Sans doute moins puissant que les autres épisodes de la saga, "The Enforcer" apporte son lot de poudre, de poursuite, de fun et de tragédie. Tout est bien mené, bien écrit, bien filmé (par James Fargo, ex-assistant réalisateur sur plusieurs films de/avec Clint, à qui celui-ci offre une première opportunité de réalisateur (et sans doute quelques conseils)), sans surprise peut-être, sans controverse sans doute, mais avec sincérité, à défaut de passion.
LE JUSTICIER DANS LA VILLE, de Michael Winner (1974)
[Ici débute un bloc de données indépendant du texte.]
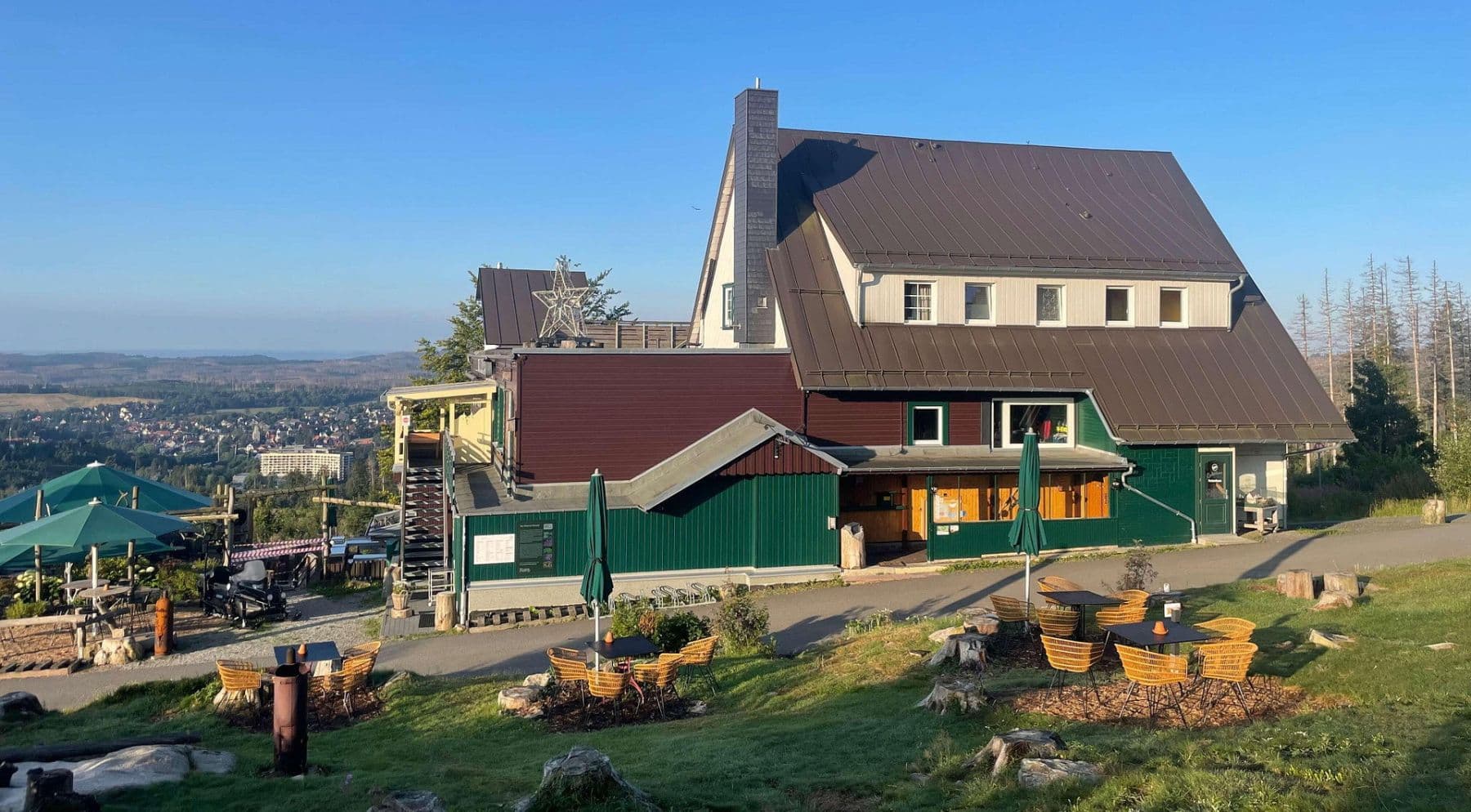 Predaj domu 460 m², pozemek 2.041 m², Rodelhaus 1, Braunlage, Dolné Sasko Predaj domu 460 m², pozemek 2.041 m², Rodelhaus 1, Braunlage, Dolné Sasko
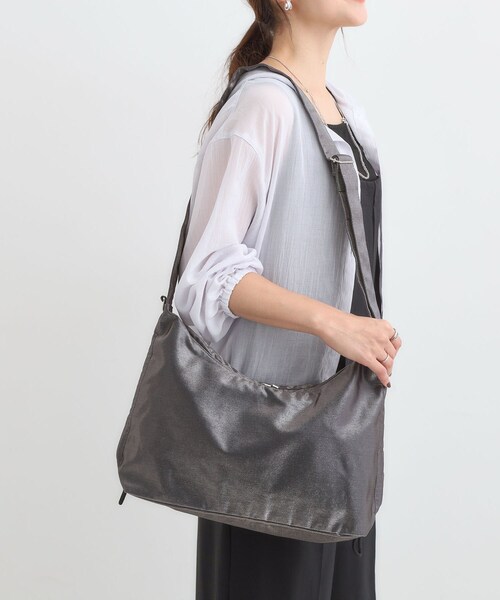 SHOO・LA・RUE（シューラルー）の「サイドドロストショルダーバッグ（ショルダーバッグ・レディース・グレー/シルバー/ブラック/ブロンズ・00）」の9枚目の写真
Quand je repense à "Un justicier dans la ville", je revois deux moments : d'abord la scène traumatisante de l'agression, dans leur appartement, de Johanna et Carol (l'épouse et la fille de Paul Kersey, le personnage joué par Charles Bronson), filmée caméra à l'épaule, alternant les plans et les vues en montage rapide, nous faisant assister, impuissant, à l'horreur, comme si on était dans la pièce. C'est terrible, c'est sans doute du jamais vu à l'époque (1974, trois ans après le premier Inspecteur Harry), et ça justifie salement la colère et la violence à venir ; ensuite, je repense à Paul, dans le métro, qui se fait agresser à son tour, son journal déchiré par un coup de couteau rageur, et qui descend les malfrats avec son flingue géant, qu'il sort d'on-ne-sait-où sous son manteau. Sauf que, première erreur ; il n'a pas du tout ce flingue démesuré qu'il aura quand il rendra la justice "de minuit" ou quand il "braquera les dealers", mais un petit calibre 32 caché dans sa poche. Et deuxième erreur : même si ces deux scènes existent dans le film, elles sont séparées par la moitié du reste du film, par des scènes déchirantes (Paul rend visite à sa fille catatonique, qu'il relève doucement de son lit d'hôpital pour la serrer dans ses bras), anodines (Paul en Arizona, s'est éloigné de New York et se consacre à son travail d'architecte), amusantes (Paul assiste à un spectacle western), et finalement décisives (Paul, invité bon gré mal gré au stand de tir par son client d'Arizona, redécouvre les armes à feu) et, finalement, essentielles à l'avancée psychologique d'un personnage qui descend armé et décidé dans la rue, au moins autant pour rendre la justice que pour donner rendez-vous à la mort. Car troisième erreur : comme le titre original le dit ("Death Wish", titre à double sens : désir de tuer / désir de mourir), Paul Kersey est autant un cow-boy solitaire qu'un homme désespérément meurtri. Ce que les suites oublieront, créant le malentendu sur ce premier film, tragique et beau comme un dernier souffle.